La bibliothèque libre.
Louis Conard (Volume 8p. 176-177).

1781. À GUY DE MAUPASSANT.
Croisset, nuit du 31 décembre 1878.

Merci pour l’envoi. C’est bien beau cet article. Mon Dieu ! mon Dieu ! mon Dieu ! Que les journalistes sont bêtes !

J’avais lu l’élucubration de Zola dans le Figaro[1]. Elle a remué « la ville et la province ». Oui, jusqu’à Rouen, jusqu’à Caudebec (sic) ça a produit un immense effet. Notre ami sait s’y prendre pour faire parler de lui. Rendons-lui cette justice.

Mais que dites-vous du dogme de « l’Hypocrisie littéraire », tellement établi maintenant qu’il n’est plus permis d’avoir une opinion à soi ? On doit trouver bien tout, ou plutôt tout ce qui est médiocre. Quand un monsieur proteste, ça révolte.

Maintenant parlons de vous. D’après ce que j’ai compris dans votre dernière lettre, vous n’êtes pas encore nommé en titre. Quand sera-ce ? Peut-être veut-on vous essayer ? Mais, si vous êtes bien vu de tous les directeurs, l’affaire se fera.

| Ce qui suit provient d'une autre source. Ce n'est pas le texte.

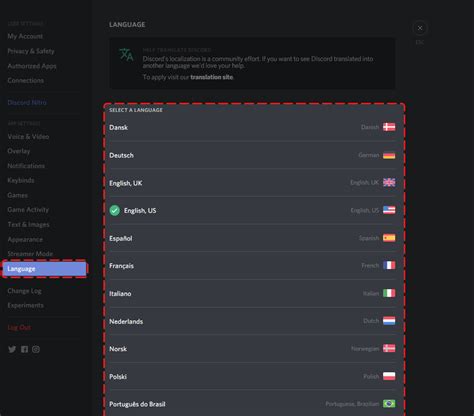how to change language on discord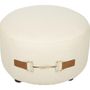 Stools - L'Orfèvre Bianco Pouf in White Leather - Modern and Comfortable Design - JP2B DECORATION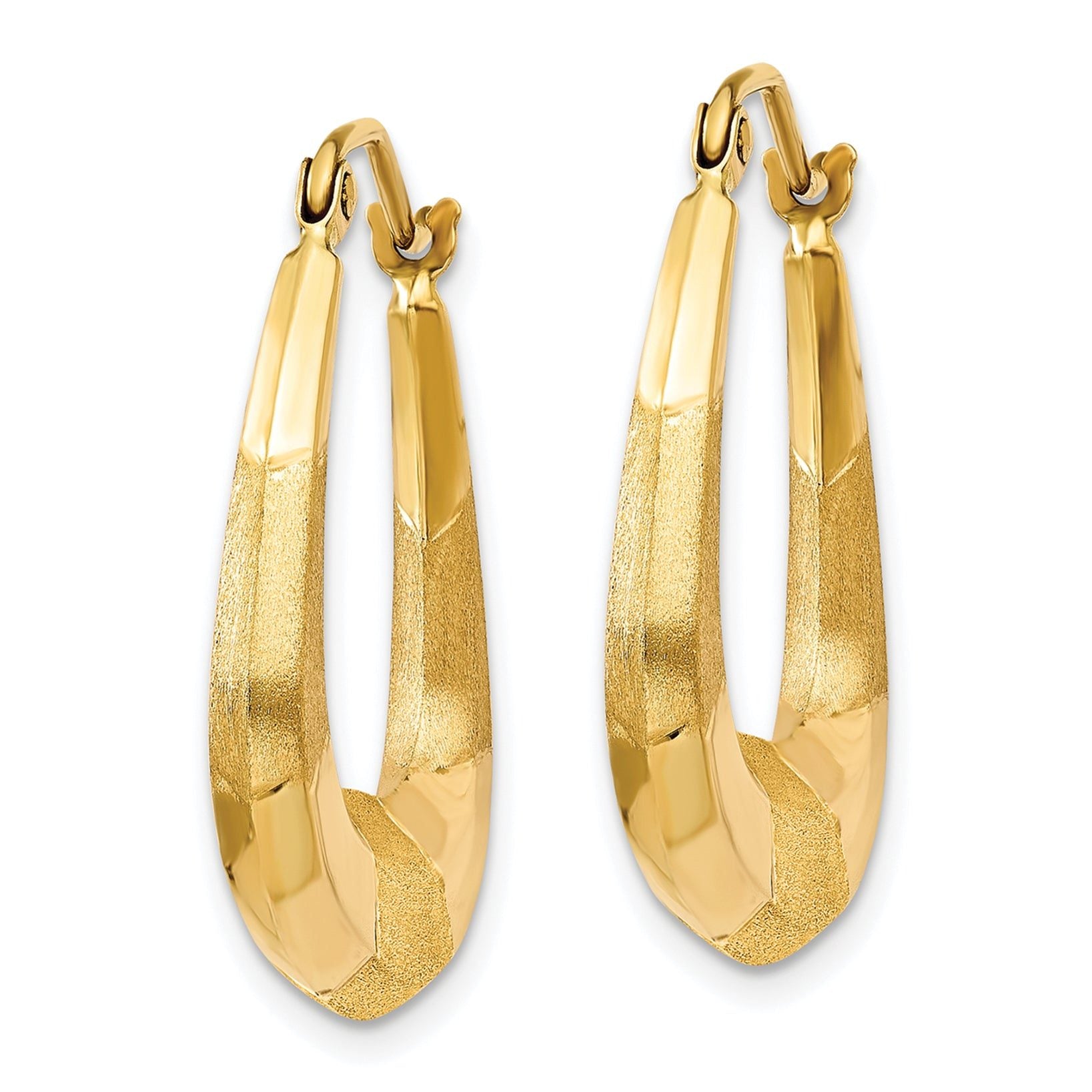 14k Polished, Satin and Diamond-cut Hoop Earrings Secondary image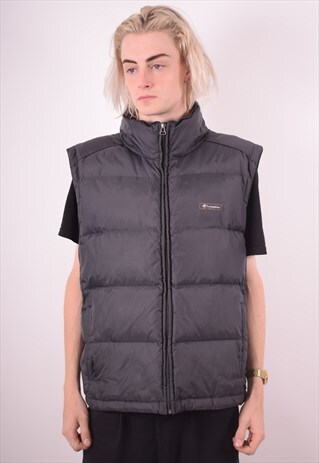 CHAMPION MENS VINTAGE PADDED GILET XL BLACK 90S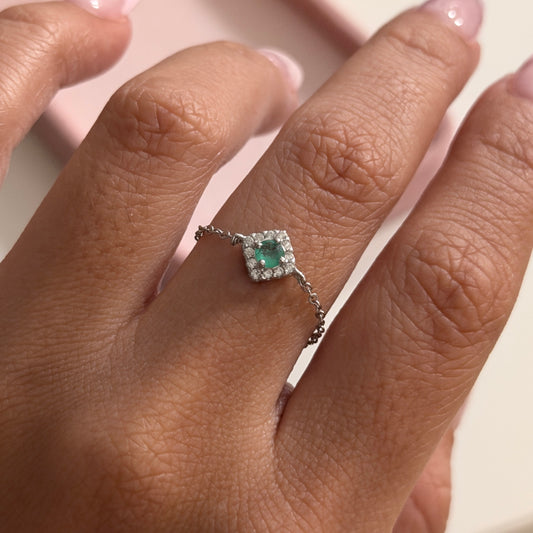 ADJUSTABLE STERLING SILVER 925 MINI ROLON RING WITH WHITE STONES + NATURAL EMERALD HARDWARE
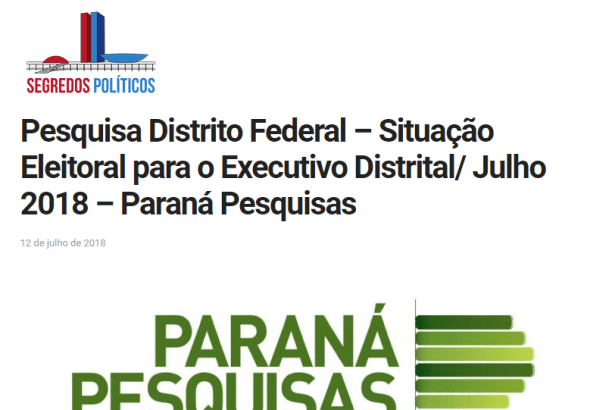 Portal Segredos Políticos cita em matéria pesquisa realizada pela Paraná Pesquisas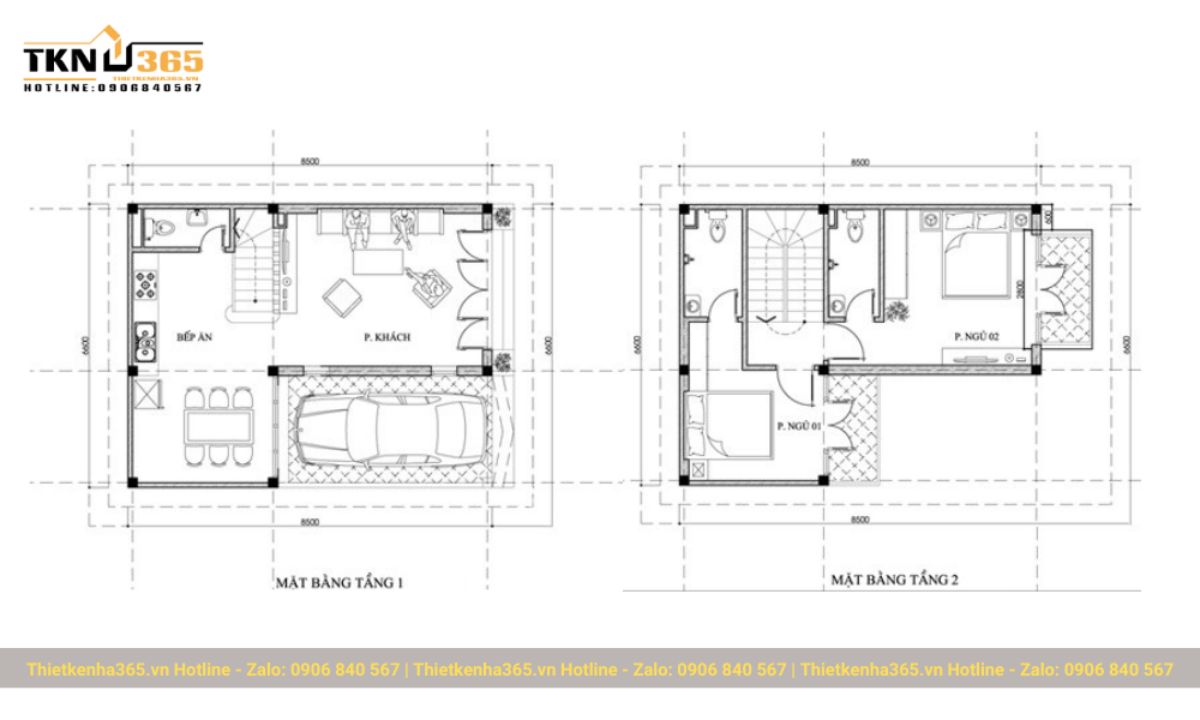 bản vẽ nhà hình chữ L 2 tầng 2 phòng ngủ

Quant à moi, je continue à être d’une noire tristesse, ce qui ne m’empêche pas de travailler formidablement. Je suis perdu dans la métaphysique, chose peu gaie, d’ailleurs. Je prépare mes trois derniers chapitres à la fois : Philosophie, Religion et Morale. Ce poids m’écrase. Ajoutez-y celui de ma personne et vous comprendrez mon aplatissement.

Je suis curieux d’avoir des détails sur votre « Matinée »[2].

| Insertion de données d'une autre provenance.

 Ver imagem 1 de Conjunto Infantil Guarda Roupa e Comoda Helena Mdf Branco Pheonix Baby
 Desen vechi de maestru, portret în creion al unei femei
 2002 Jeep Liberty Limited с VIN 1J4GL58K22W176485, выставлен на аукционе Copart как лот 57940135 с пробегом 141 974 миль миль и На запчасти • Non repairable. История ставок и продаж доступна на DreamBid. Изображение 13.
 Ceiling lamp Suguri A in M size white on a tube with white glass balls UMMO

Vous voilà un peu plus tranquille, n’est-ce pas ? Vous allez re-travailler ? Je vous en écrirais long, mais je suis éreinté à force de lire et de prendre des notes.

En vous la souhaitant bonne et heureuse, je vous embrasse.


  1. Les Romanciers contemporains.
  2. La représentation « à huis clos » de La Feuille de rose, maison turque, de Maupassant.